Although conceived of as distinct phenomena until the 19th century, electricity and magnetism are now known to be components of the unified theory of electromagnetism.
A connection between electricity and magnetism had long been suspected, and in 1820 the Danish physicist Hans Christian Orsted showed that an electric current flowing in a wire produces its own magnetic field. Andre-Marie Ampere of France immediately repeated Orsted’s experiments and within weeks was able to express the magnetic forces between current-carrying conductors in a simple and elegant mathematical form. He also demonstrated that a current flowing in a loop of wire produces a magnetic dipole indistinguishable at a distance from that produced by a small permanent magnet; this led Ampere to suggest that magnetism is caused by currents circulating on a molecular scale, an idea remarkably near the modern understanding.
Faraday, in the early 1800’s, showed that a changing electric field produces a magnetic field, and that vice-versa, a changing magnetic field produces an electric current. An electromagnet is an iron core which enhances the magnetic field generated by a current flowing through a coil, was invented by William Sturgeon in England during the mid-1820s. It later became a vital component of both motors and generators.
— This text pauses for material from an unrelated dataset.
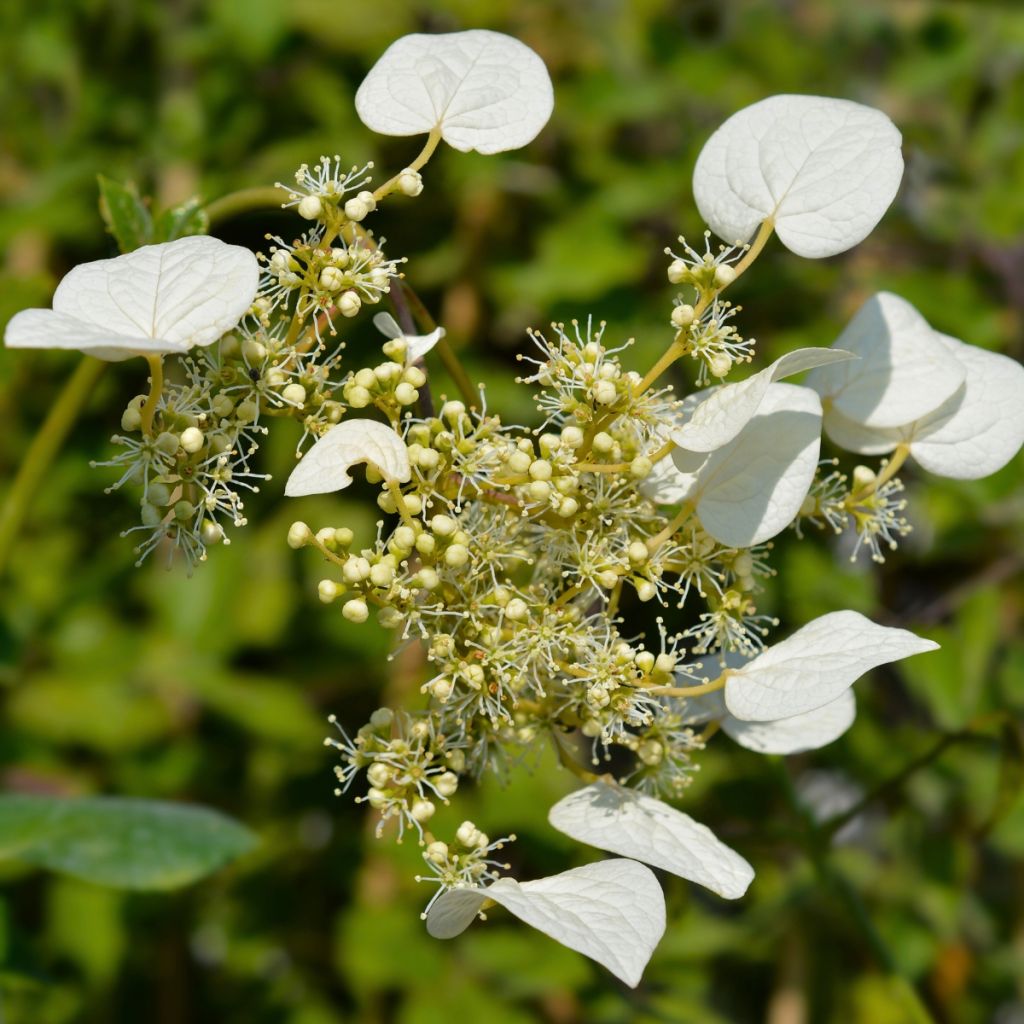 Schizophragma hydrangeoides Snow Sensation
The unification of electric and magnetic phenomena in a complete mathematical theory was the achievement of the Scottish physicist Maxwell (1850’s). In a set of four elegant equations, Maxwell formalized the relationship between electric and magnetic fields. In addition, he showed that a linear magnetic and electric field can be self-reinforcing and must move at a particular velocity, the speed of light. Thus, he concluded that light is energy carried in the form of opposite but supporting electric and magnetic fields in the shape of waves, i.e. self-propagating electromagnetic waves.
In doing this, Maxwell moved physics to a new realm of understanding. By using field theory as the core to electromagnetism, we have moved beyond a Newtonian worldview where objects change by direct contact and into a theory that uses invisible fields. This introduces a type of understanding which can only be described with a type of mathematics that cannot be directly translated into language. In other words, scientists where restricted in talking about electromagnetic phenomenon strictly through the use of a new type of language, one of pure math.